Segment Start: DATA FOR REVIEW

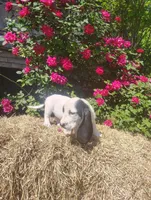 Jenkins , a female Basset Hound for sale in Newton Grove, NC – Photo 4 of 4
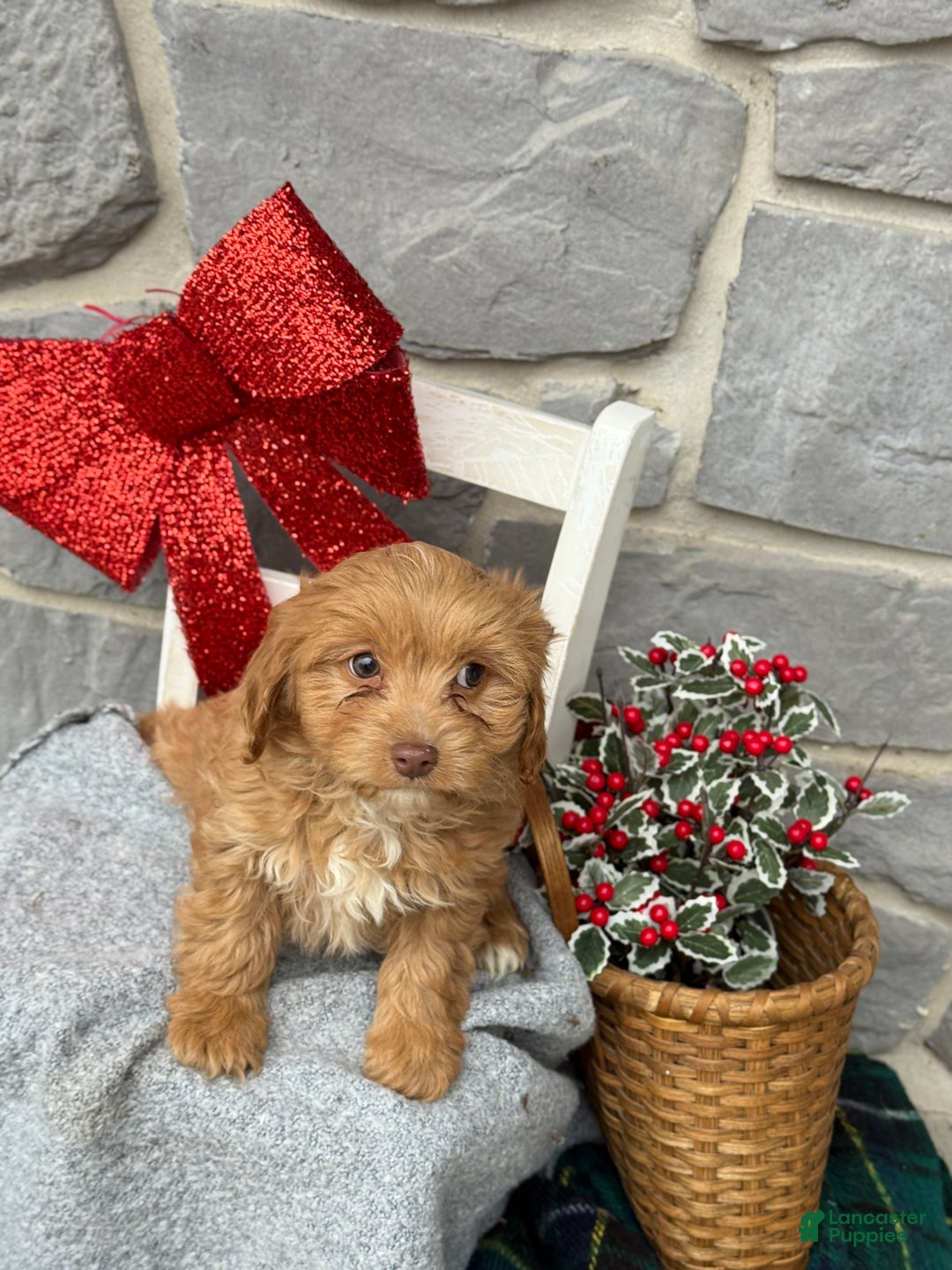Cavapoo dogs for sale: Alita - Ad 8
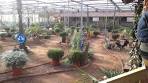 Dagje uit met werk bij de tuinderij in de Lier - YouTube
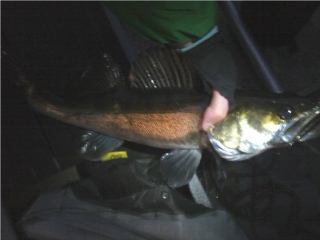 Kuha 1,40 kg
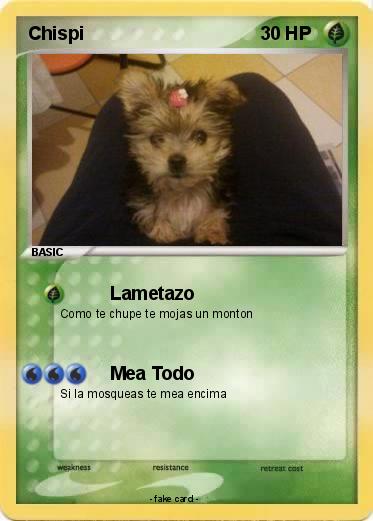 Pokemon Chispi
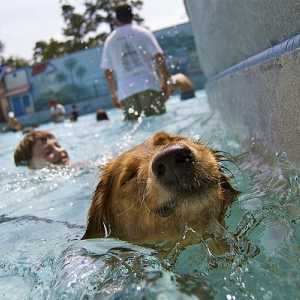 कुत्तों के लिए एक पानी पार्क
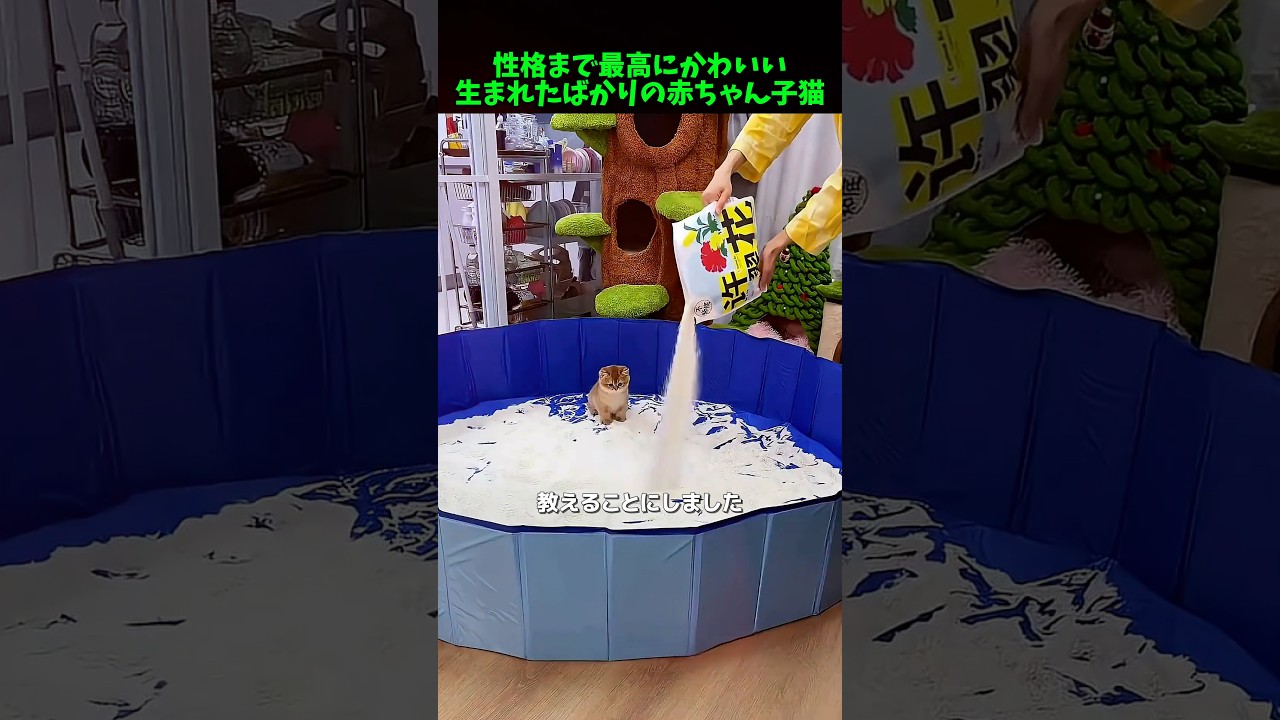 こんなにかわいい猫が存在するなんて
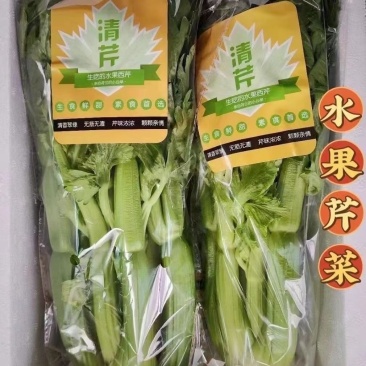 【实力货源】水果清芹荷兰芹菜脆嫩爽口生吃榨汁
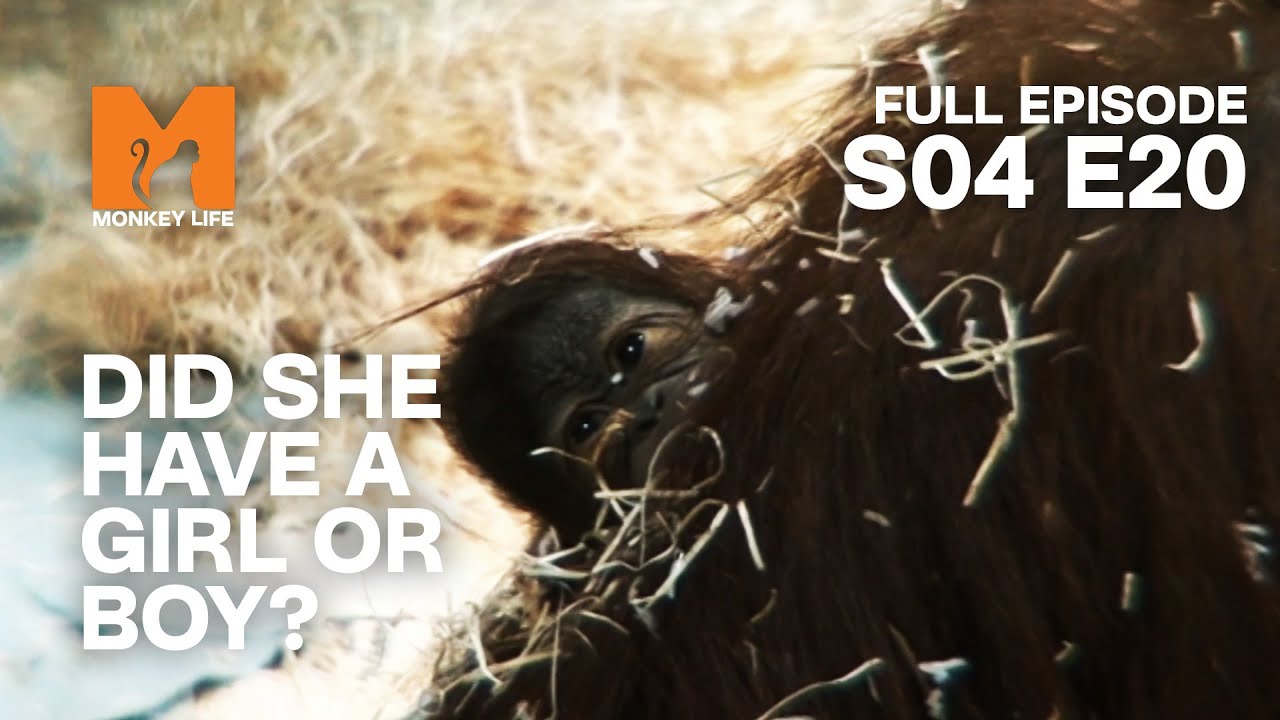 Is The Baby Orang-utan Alive? | Season 4 Episode 20 | Full Episode | Monkey Life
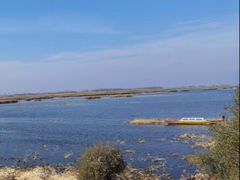 -白渔泡湿地公园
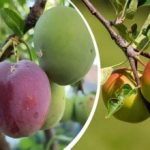 Dlaczego jabłka, śliwki i gruszki gniją bezpośrednio na drzewie: metody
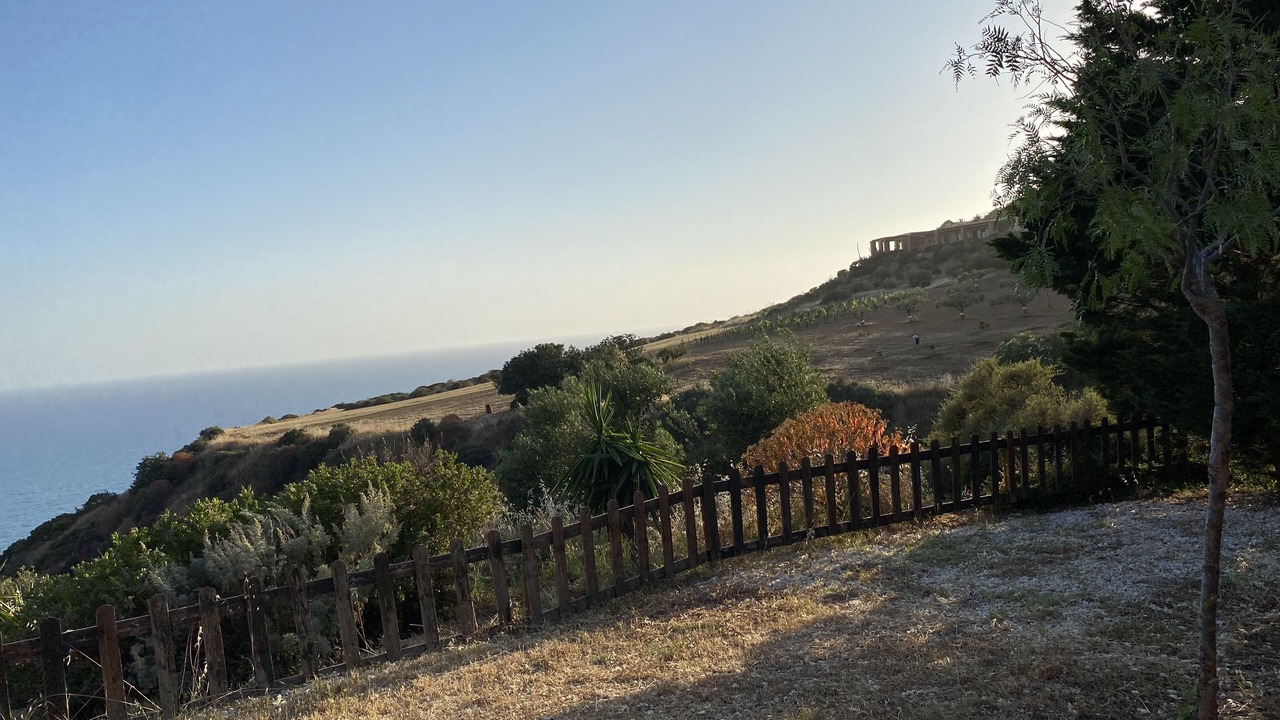 Photo of Outdoor in Pergole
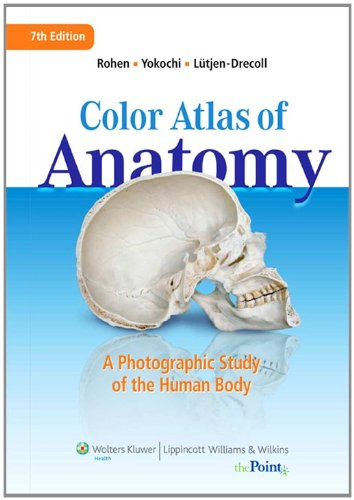 Color Atlas of Anatomy: A Photographic Study of the Human Body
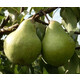 Груша зимняя Завея 1 год, С4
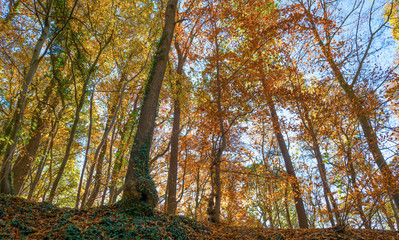 Path in a forest in fall colors in sunlight in autumn
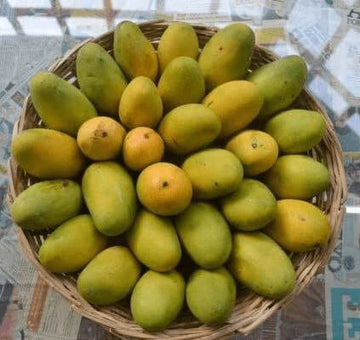 Dhasheri Mango ( Grafted )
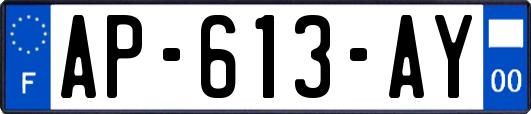 AP-613-AY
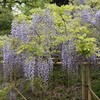 前山寺の藤の花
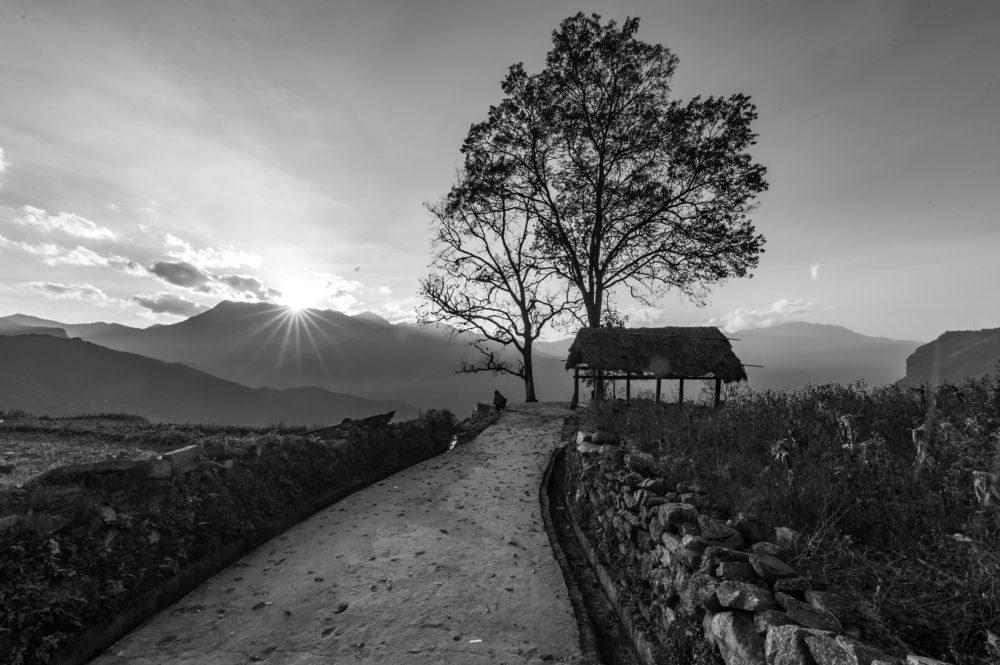 Photograph by Chris Duy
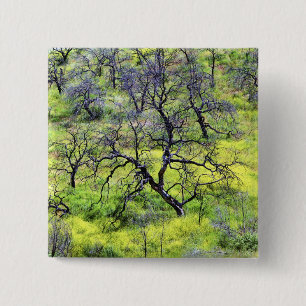 Badge Carré 5 Cm États-Unis, Californie, San Diego. Une forêt de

Segment End: DATA FOR REVIEW

** PROBLEM STATEMENT **
The output must match the records word for word, except that no pictures appear.

** OUTPUT OF THE EXERCISE **
 Jenkins , a female Basset Hound for sale in Newton Grove, NC – Photo 4 of 4
Cavapoo dogs for sale: Alita - Ad 8
 Dagje uit met werk bij de tuinderij in de Lier - YouTube
 Kuha 1,40 kg
 Pokemon Chispi
 कुत्तों के लिए एक पानी पार्क
 こんなにかわいい猫が存在するなんて
 【实力货源】水果清芹荷兰芹菜脆嫩爽口生吃榨汁
 Is The Baby Orang-utan Alive? | Season 4 Episode 20 | Full Episode | Monkey Life
 -白渔泡湿地公园
 Dlaczego jabłka, śliwki i gruszki gniją bezpośrednio na drzewie: metody
 Photo of Outdoor in Pergole
 Color Atlas of Anatomy: A Photographic Study of the Human Body
 Груша зимняя Завея 1 год, С4
 Path in a forest in fall colors in sunlight in autumn
 Dhasheri Mango ( Grafted )
 AP-613-AY
 前山寺の藤の花
 Photograph by Chris Duy
 Badge Carré 5 Cm États-Unis, Californie, San Diego. Une forêt de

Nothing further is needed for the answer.